Supplied data:
┌────────
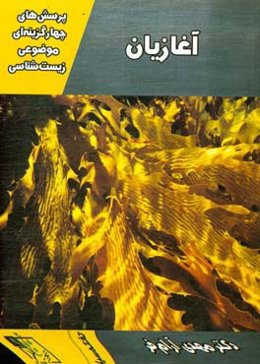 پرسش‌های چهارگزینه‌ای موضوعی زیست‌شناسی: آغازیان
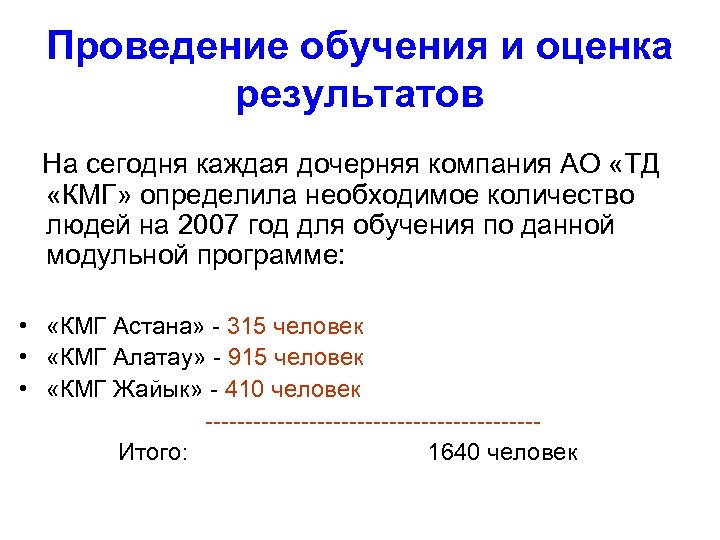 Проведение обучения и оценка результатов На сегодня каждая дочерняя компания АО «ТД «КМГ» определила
└────────
┌────────
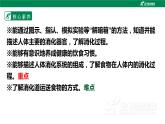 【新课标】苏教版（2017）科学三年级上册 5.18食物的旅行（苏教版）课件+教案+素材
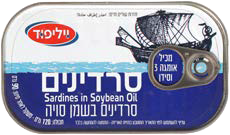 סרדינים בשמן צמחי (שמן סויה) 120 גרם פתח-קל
└────────
┌────────
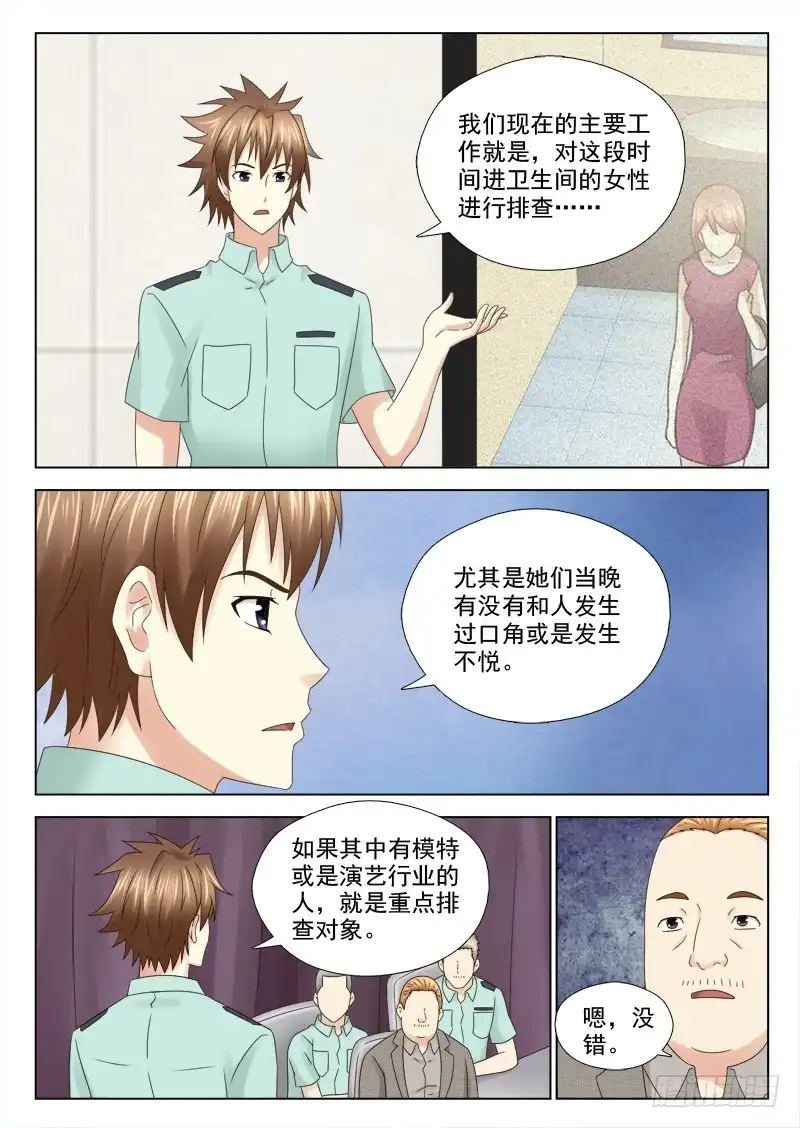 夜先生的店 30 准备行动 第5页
└────────
Assigned task: Please print the lines above word for word, starting at the one with "پرسش‌های چهارگزینه‌ای موضوعی" and ending at the one with "Проведение обучения и", both included, and without any picture.

Task response:
 پرسش‌های چهارگزینه‌ای موضوعی زیست‌شناسی: آغازیان
 Проведение обучения и оценка результатов На сегодня каждая дочерняя компания АО «ТД «КМГ» определила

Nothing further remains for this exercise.